Autore:Emanuel Pietrobon – 22/12/2019
Il Global Times, il quotidiano-megafono del Partito Comunista Cinese, ha recentemente annunciato che le diplomazie cinese e vaticana stanno lavorando per il pieno recupero dei rapporti bilaterali, per il perfezionamento dell’accordo sulla nomina dei vescovi e, soprattutto, per realizzare un evento senza precedenti: la visita del Papa a Pechino.
La notizia non coglie inaspettato chi, sin dall’inizio del pontificato, segue con attenzione le mosse del duo Bergoglio-Parolin, il cui obiettivo principale è preparare il terreno per la trasmigrazione del cattolicesimo dall’Europa post-cristiana alle “periferie del mondo”, ossia tutti quei paesi del cosiddetto Sud globale in cui la fede ha ancora spazio nella vita pubblica, dove il clero vive intensamente la chiamata divina e non è continuamente protagonista di scandali finanziari o sessuali, e dove, perciò, il Vangelo ha concrete possibilità di espandersi e prosperare.
Il Papa sta dedicando sempre meno attenzione all’Occidente, nella consapevolezza che il “piano per la nuova evangelizzazione” approntato nel dopo-guerra fredda da Giovanni Paolo II e Benedetto XVI è fallito e che il destino della fu culla della cristianità è inevitabilmente diretto verso un’altra direzione, contraria e ostile a quella perseguita dall’istituzione più antica del mondo ancora esistente.
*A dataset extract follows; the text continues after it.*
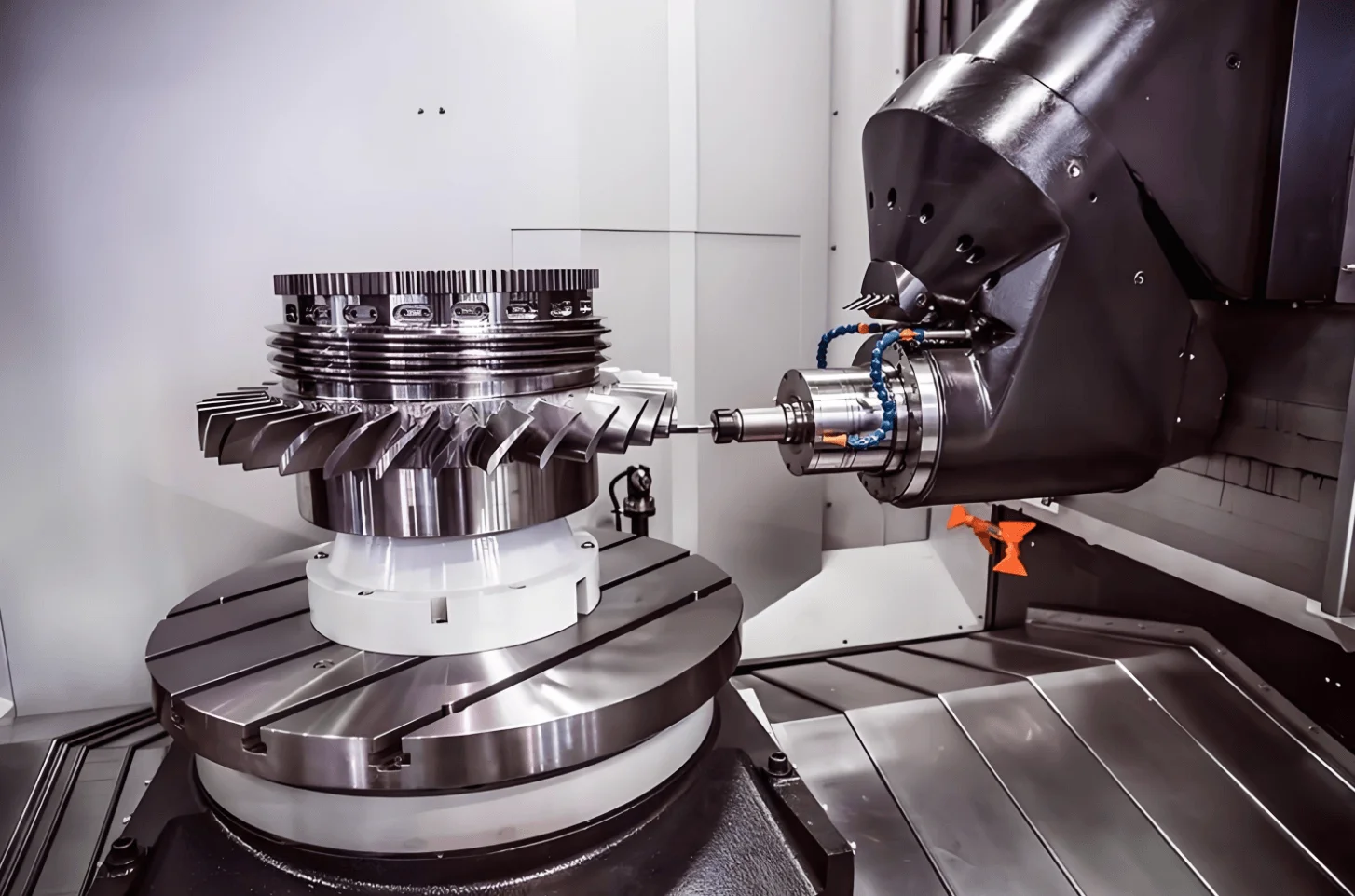 5-axis CNC machining center manufacturing a complex multi-sided metal part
L’occidentalo-centrismo delle relazioni internazionali è, anch’esso, destinato a scomparire, sebbene gli Stati Uniti stiano tentando attraverso un rinvigorito bellicismo di fermare la transizione verso il multipolarismo. Ed è proprio qui che entra il gioco il Vaticano che, su spinta del Papa, ha fatto una scelta di campo rischiosa e inaspettata: parteggiare per gli “antagonisti” dell’ordine liberale occidentalo-centrico che, poi, non sono neanche espressioni della civiltà cattolica.
La Russia, con la quale il pontefice va’ particolarmente d’accordo e sta collaborando attivamente in numerosi campi, fra cui la protezione dei cristiani perseguitati in Medio oriente, è a trazione ortodossa.
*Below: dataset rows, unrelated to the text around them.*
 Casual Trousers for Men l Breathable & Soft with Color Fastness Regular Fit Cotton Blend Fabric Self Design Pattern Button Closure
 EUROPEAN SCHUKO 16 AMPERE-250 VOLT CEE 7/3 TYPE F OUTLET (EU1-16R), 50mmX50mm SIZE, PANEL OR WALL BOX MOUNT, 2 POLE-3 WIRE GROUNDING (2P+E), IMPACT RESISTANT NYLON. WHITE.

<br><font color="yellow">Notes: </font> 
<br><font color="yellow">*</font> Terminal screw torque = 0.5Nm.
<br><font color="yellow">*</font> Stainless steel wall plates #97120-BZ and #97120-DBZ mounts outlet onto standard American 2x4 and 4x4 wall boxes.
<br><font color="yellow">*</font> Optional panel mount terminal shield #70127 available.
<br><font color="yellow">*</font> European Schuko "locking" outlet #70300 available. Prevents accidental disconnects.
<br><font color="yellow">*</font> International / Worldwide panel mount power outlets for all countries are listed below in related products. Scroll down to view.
L’Iran, per il quale il pontefice ha fatto intenso lobbismo negli anni dell’era Obama per convincere la Casa Bianca a raggiungere un compromesso, poi formalizzatosi nell’accordo sul nucleare successivamente stracciato dall’amministrazione Trump, è una repubblica teocratica islamica.
La Cina, che è il punto focale dell’intera agenda papale, è una dittatura comunista in cui la libertà religiosa è fortemente limitata.
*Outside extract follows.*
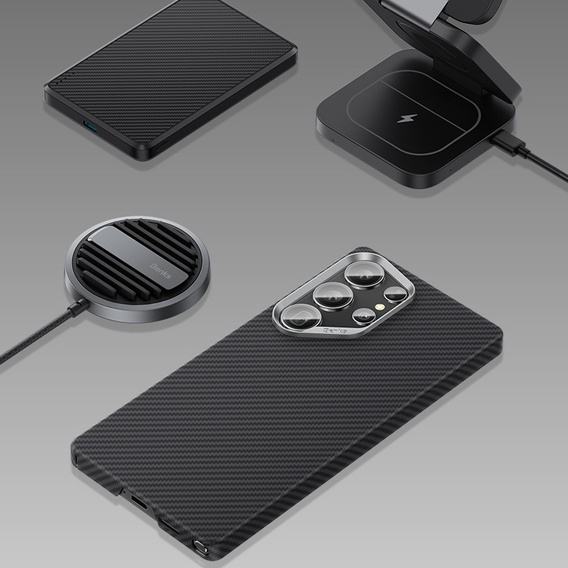 θήκη BENKS Kevlar για Samsung Galaxy S25, για MagSafe, Carbon Fiber, μαύρη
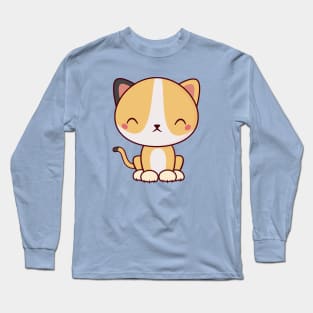 Smiling Kawaii Cute Kitten Cat Long Sleeve T-Shirt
Eppure, le azioni e le parole del Vescovo di Roma e dei suoi portavoce delineano un quadro chiarissimo: il Vaticano ha scelto di appoggiare la lotta di questi paesi per un mondo multipolare. Il motivo è anche abbastanza comprensibile: il momento unipolare che ha visto Washington trasformarsi nel “poliziotto del mondo” è stato contornato da rivoluzioni colorate, guerre civili pilotate, guerre infinite, cambi di regime violenti, quasi sempre nel nome del profitto.
Un nuovo ordine internazionale, magari incardinato sul partenariato russo-cinese, potrebbe risultare più benefico, non perché non violento, ma perché meno violento. Per capire le ragioni di una tale convinzione si guardi, molto semplicemente, il modus faciendi di Francia e Cina in riferimento alla proiezione e alla protezione dei loro interessi all’estero.
La Françafrique di Parigi è rigidamente tenuta in piedi da operazioni militari, colpi di stato, guerre civili, terrorismi, cambi di regime, ricatti economici (es. il Franco CFA).
La Nuova Via della Seta di Pechino, per quanto funzionale alla realizzazione di un disegno egemonico, è comunque capace e volente di assicurare ritorni economici, sociali e politici ai paesi interessati, e potrebbe essere per l’Asia e l’Africa orientale ciò che il piano Marshall è stato per l’Europa occidentale.
Ogni pontefice è stato storicamente guidato da una doppia visione: una per il presente ed una per il futuro. In questo modo la chiesa cattolica ha potuto sopravvivere nei secoli alle persecuzioni e reinventarsi dopo periodi bui. Nel caso di Papa Francesco, l’apertura ad Oriente di oggi è strumentale per la fioritura della chiesa del domani.